When William Hooker was appointed Director of Kew in 1841 there was no official herbarium. Before then, Sir Joseph Banks’ herbarium and library in Soho Square had been used for queries on plant names and classification. Hooker then made his own collection, perhaps the largest in private hands, available to staff and visitors at his home close to Kew. The ground floor of Hunter House became available in 1852 and was used to house Hooker’s herbarium, alongside the herbarium and library of Dr William Arnold Bromfield. The first curator, Allan Black, was appointed in 1853. Subsequently, eminent botanists, including George Bentham, donated their own collections to that of the herbarium of William Hooker.
In 1877, the need for greater space, due to botanical exploration of the British Empire, led to the first wing being added. Three further wings were added between 1903 and 1969, with further expansion into the quadrangle in 1989, and a modern wing with climate control was added in 2010.
Although the Herbarium was founded in 1852, many of the subsequently donated collections contained earlier material. An important example of this is the Herbarium of the East India Company, housed separately from the main collection, including Wallich’s collection from British India 1822–1829. The oldest collections in the Kew Herbarium are a few specimens from the Petiver Herbarium, collected by Samuel Brown in India and dated 22–27 April 1696.
A specimen may consist of a whole plant (in the case of small herbs) or parts of a plant (in the case of large trees or bushes). Specimens typically include samples of the leaves, stem, and bark, and ideally should include flowers and/or fruits, since these are of most use later when identifying plants or using the specimens to study relationships between plants. Additional, ancillary collections will often be made at the same time.
Exactly what is collected will depend on the plant, but it might include wood samples, dried fruits, flowers preserved in spirit, photographs or DNA samples. Modern collections will typically include latitude and longitude recorded in the field using GPS. Exact localities can be calculated for older specimens using the information recorded on the specimen label and sources such as gazetteers.
Specimens are organised systematically, by family, genus and species, which means that related species are found close to one another thus facilitating their comparison. Herbaria that organise their specimens in this way serve as a working hypothesis for the classification of all plants.
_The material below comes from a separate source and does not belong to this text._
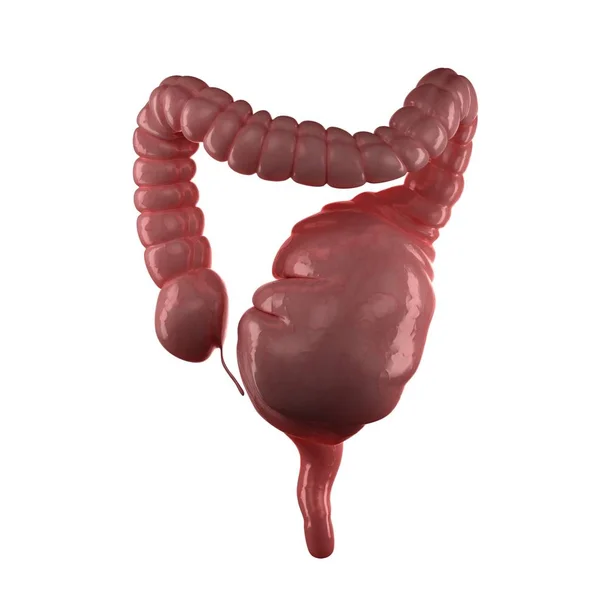 Megacolon congenito o acquisito — Foto Stock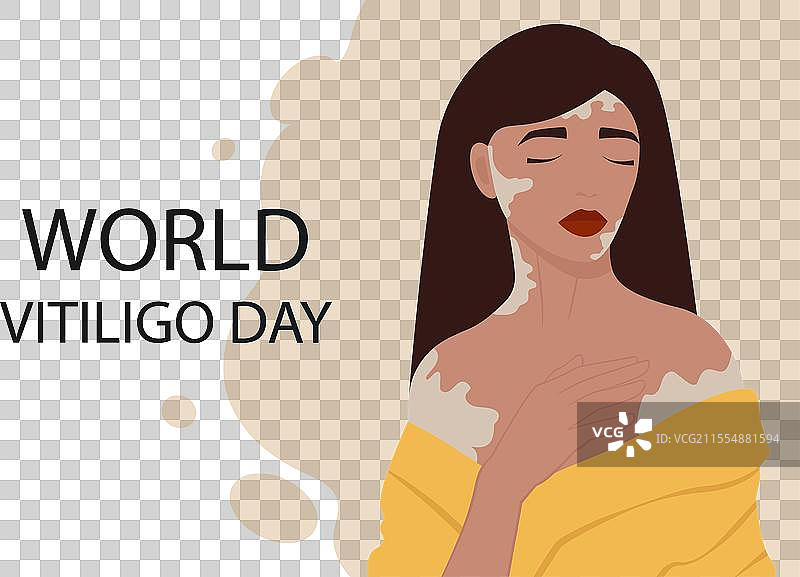 年轻的白人女孩，患有白癜风图片素材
Today, we carefully targets new acquisitions. Primarily we work with collections from tropical countries where the flora is less well known and where new plant species are still being discovered. Around 2,000 new species are described every year and about 15% of these new species have types deposited at Kew.
We target new species from particular families, plants from particularly threatened habitats, and plants relevant to our wider research programme. The collection also reflects the specialist skills and interests of staff that work here and that have worked here in the past. Thus, the legume, orchid and palm collections at Kew are particularly rich as many famous botanists specialising in these families have worked here.
Plants are only incorporated into our Herbarium if they have been collected and brought into the UK according to a set of strict procedures established by international treaties such as the Convention on Biological Diversity (CBD) and the Convention on Trade in Endangered Species of Wild Fauna and Flora (CITES).
The specimens and the information derived from them are used to answer key questions underpinning our understanding of plant diversity, conservation and sustainable use. These questions are outlined in Kew’s Science Strategy 2015–2020:
Over 400 scientists visit the Herbarium each year from other institutions to study our collections for their research, ranging from plant taxonomy and evolutionary studies to conservation planning, agricultural research, environmental and climate science. These visitors also add value to the collections by updating their curation.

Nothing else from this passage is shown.